> _DESCRIPTION OF THE TASK_
Your task is to copy the listing exactly, with the pictures left out.

> _RECORD SET_

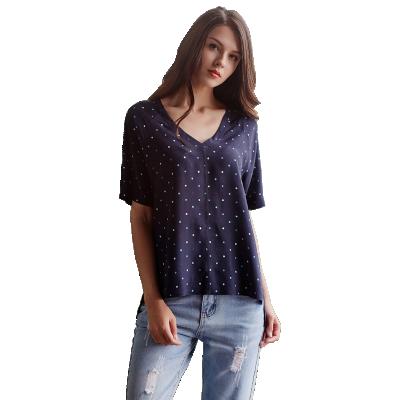 China Women Girls Shirt 100% Real Eco-friendly Breathable Silk Blouse for sale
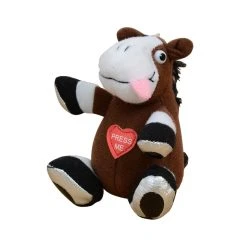 Westernwelt Schlüsselanhänger Plüschpferd Mit Sound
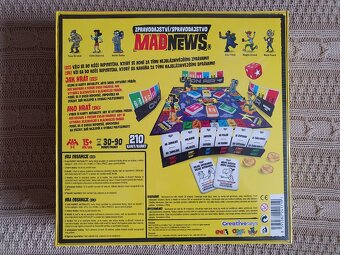 Prodám: deskovou hru Zpravodajství Mad news - 2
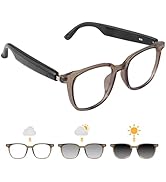 Smart Glasses for Women Men, Bluetooth Glasses with Photochromic Lenses Touch Control Voice Assis...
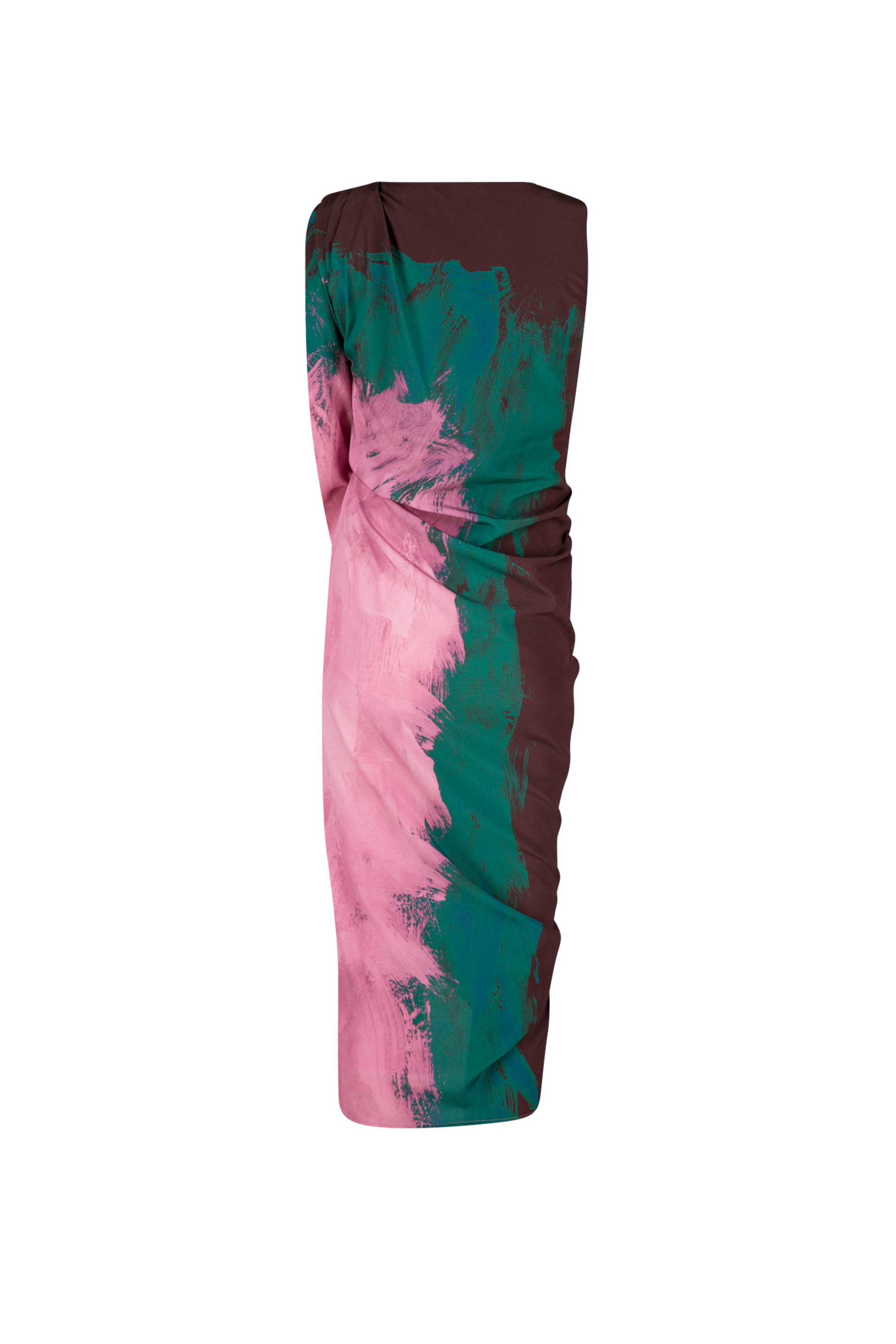 DRIES VAN NOTEN Dinam Brushstroke Print Dress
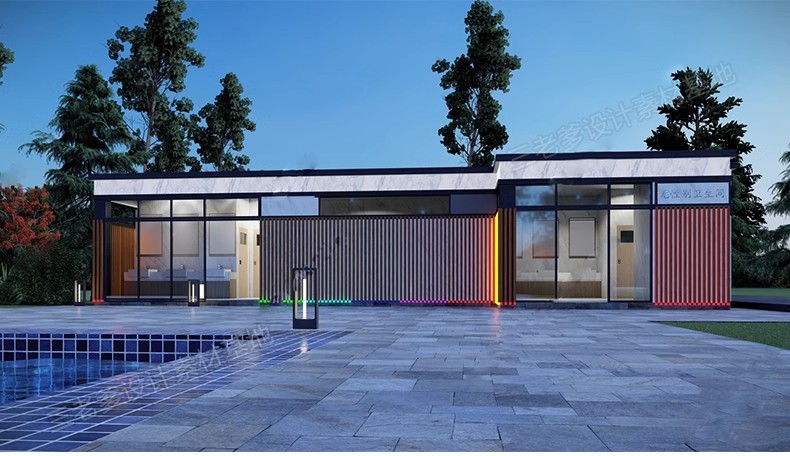 图片[8]-1250套，现代中式园林公厕景区卫生间公共设施建筑设计SU模型库CAD施工图-大怪兽分享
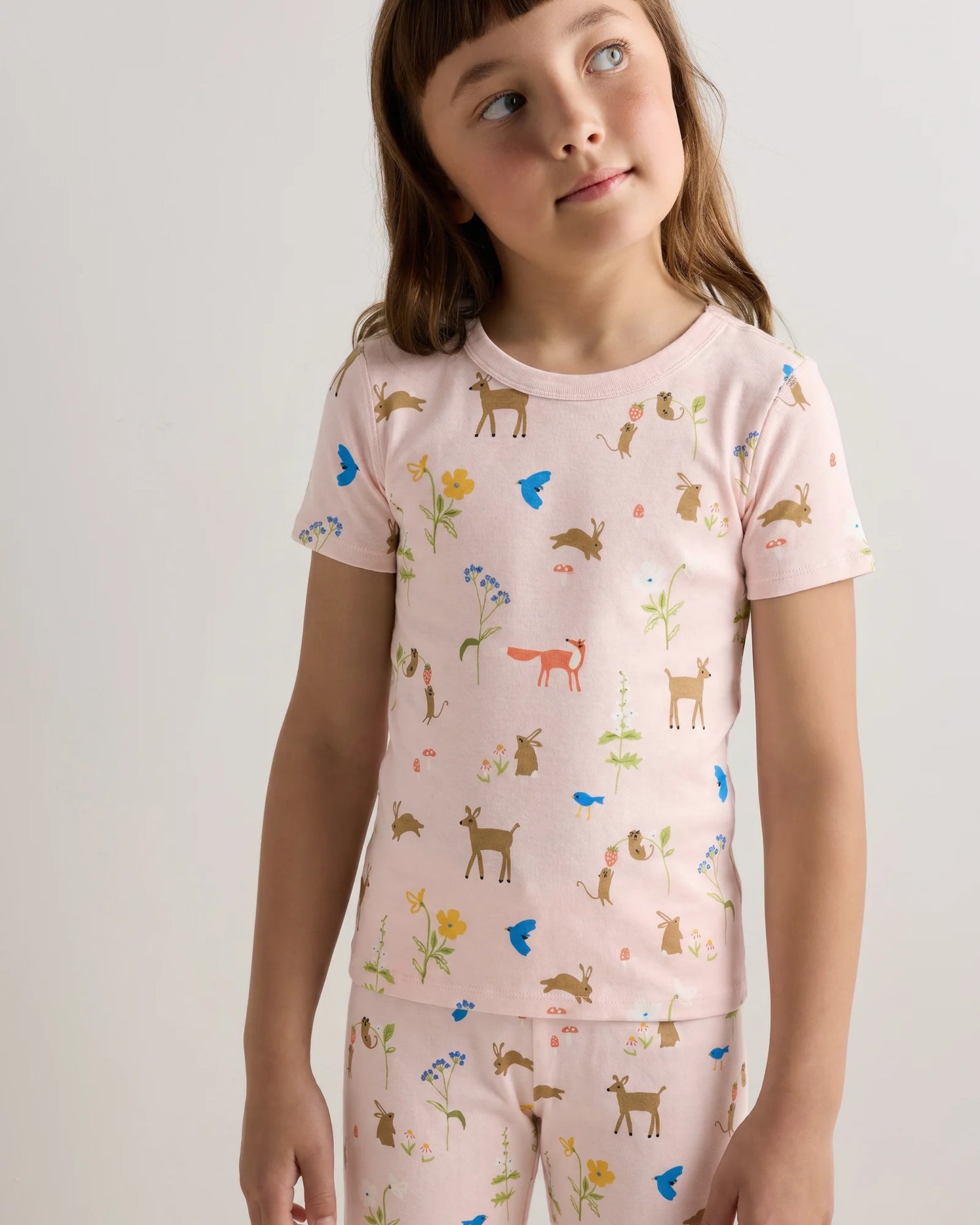 100% Organic Cotton Short Sleeve and Pant Pajama Set - 6 / Planets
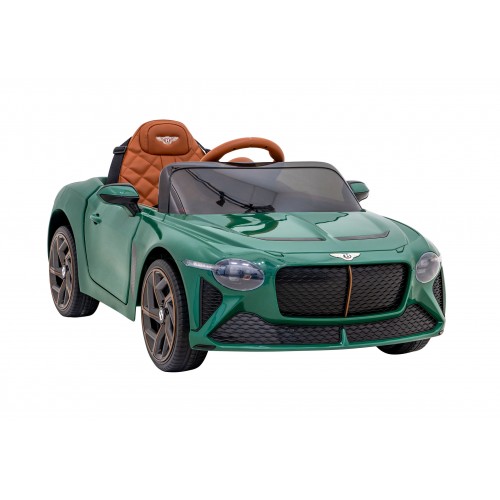 Autíčko Bentley pro děti na baterii Zelené + Dálkové ovládání + EVA + Pomalý start + Audio LED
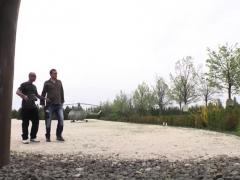 Brunette brune, Partouze, Groupe, Hd, De plein air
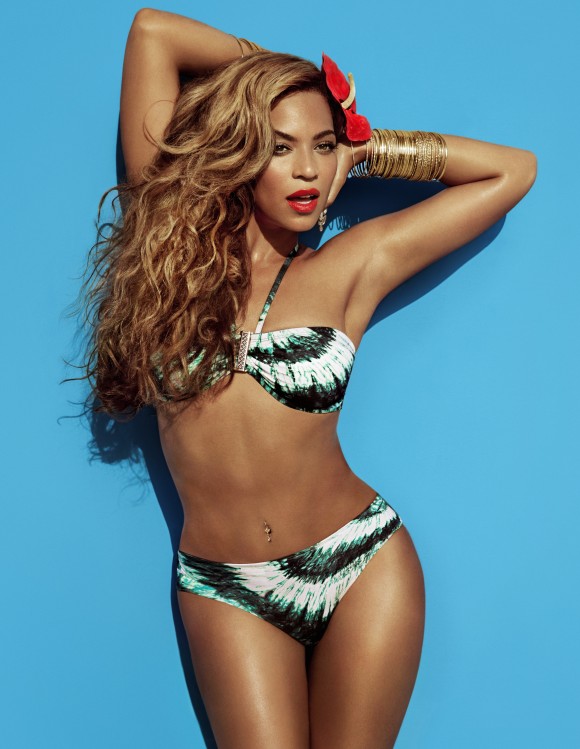 Beyoncé pose pour la collection d'été de H&M
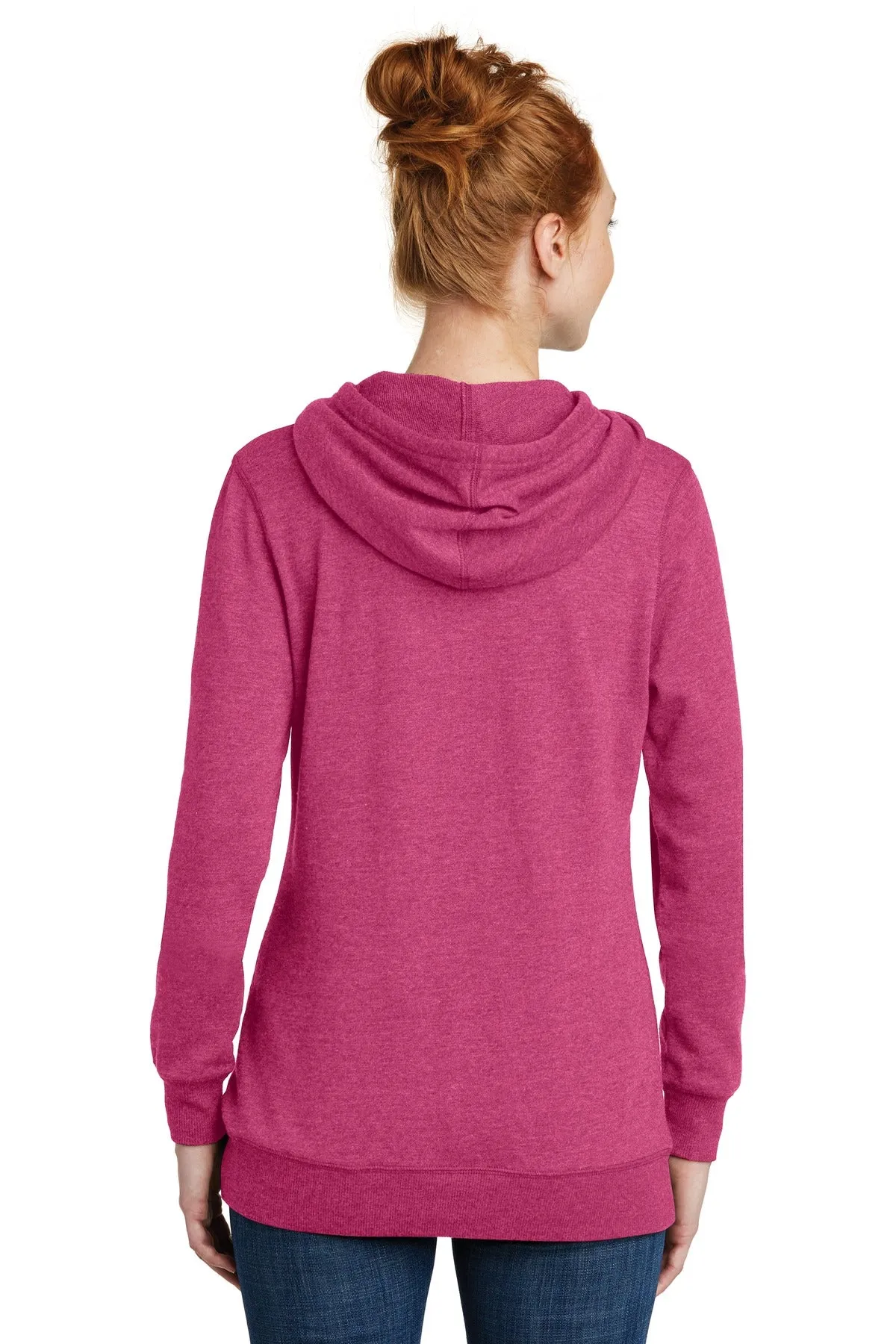District Women's Lightweight Fleece Hoodie. DM493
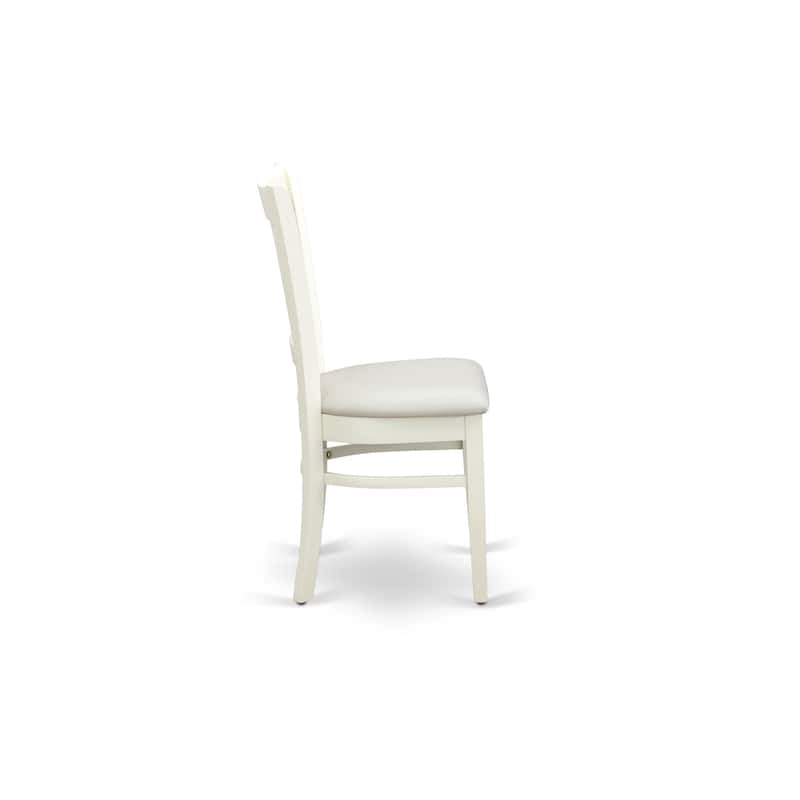 East West Furniture Vancouver Dining Room Chairs - Dining Chairs, Set of 2,(Finish & Seat Type Options)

> _RESULT FOR THIS EXERCISE_
 China Women Girls Shirt 100% Real Eco-friendly Breathable Silk Blouse for sale
 Westernwelt Schlüsselanhänger Plüschpferd Mit Sound
 Prodám: deskovou hru Zpravodajství Mad news - 2
 Smart Glasses for Women Men, Bluetooth Glasses with Photochromic Lenses Touch Control Voice Assis...
 DRIES VAN NOTEN Dinam Brushstroke Print Dress
 图片[8]-1250套，现代中式园林公厕景区卫生间公共设施建筑设计SU模型库CAD施工图-大怪兽分享
 100% Organic Cotton Short Sleeve and Pant Pajama Set - 6 / Planets
 Autíčko Bentley pro děti na baterii Zelené + Dálkové ovládání + EVA + Pomalý start + Audio LED
 Brunette brune, Partouze, Groupe, Hd, De plein air
 Beyoncé pose pour la collection d'été de H&M
District Women's Lightweight Fleece Hoodie. DM493
 East West Furniture Vancouver Dining Room Chairs - Dining Chairs, Set of 2,(Finish & Seat Type Options)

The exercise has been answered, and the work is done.